## Prompt
Output the line containing "Obraz premium Vector glowing wave, smoke" and each line after it through the end of the data, exactly as written, with pictures left out.

[Data extracted from a collection]
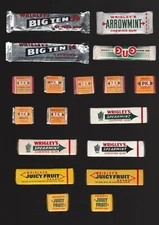 Advertising chewing GUM PACK --- WRIGLEY'S ARROWMINT BIGTEN PK "1 PIECE for $45"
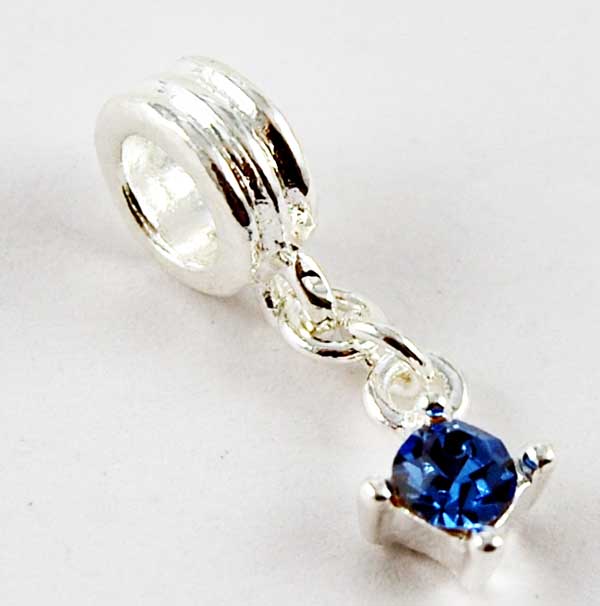 Cleopatra Silver Plated Charm Beads Sold In Packs Of 3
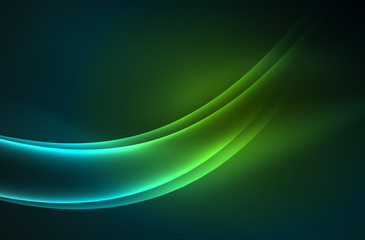 Obraz premium Vector glowing wave, smoke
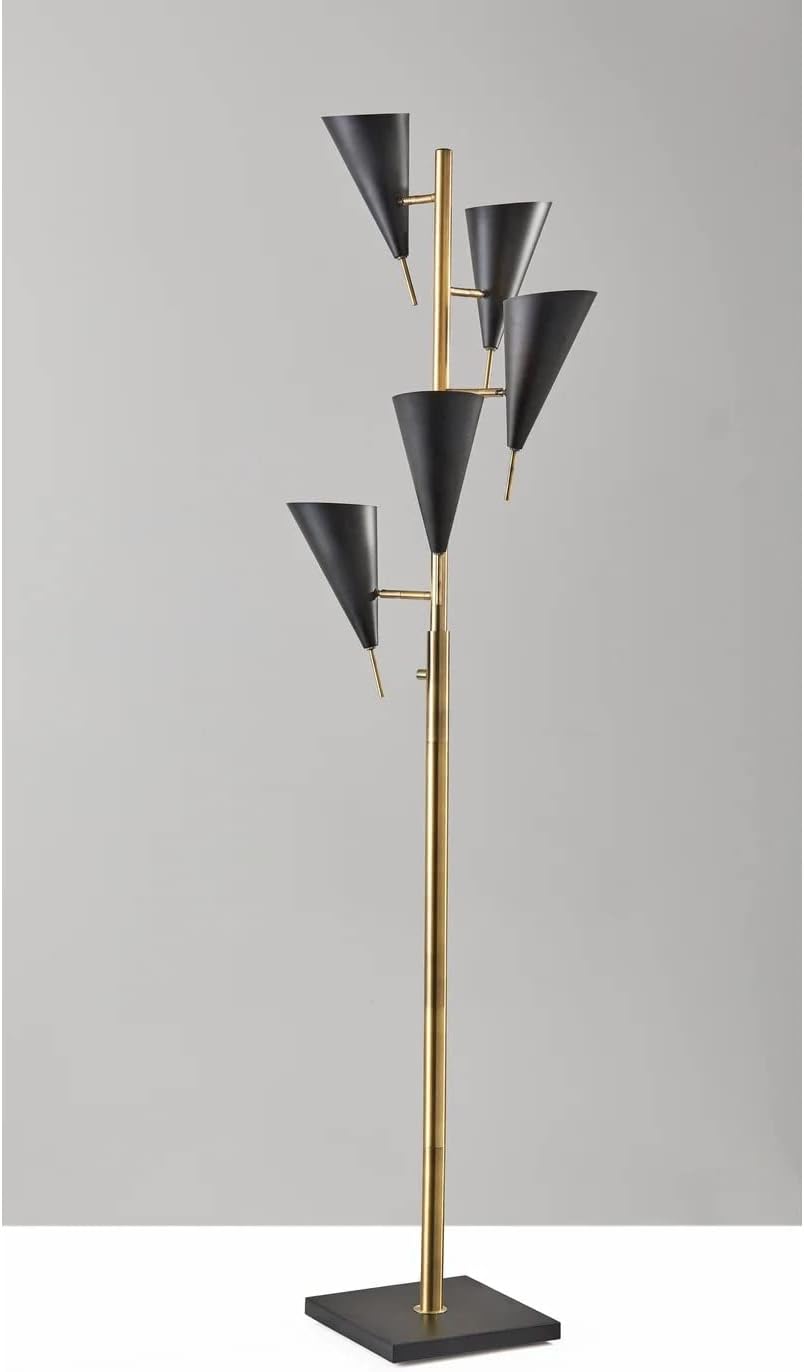 Adesso 3477-21 Owen Tree Lamp, Antique Brass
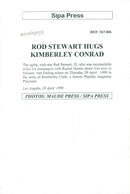 Rod Stewart and Rachel Kramas - Vintage Photograph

## Response to this task
 Obraz premium Vector glowing wave, smoke
 Adesso 3477-21 Owen Tree Lamp, Antique Brass
 Rod Stewart and Rachel Kramas - Vintage Photograph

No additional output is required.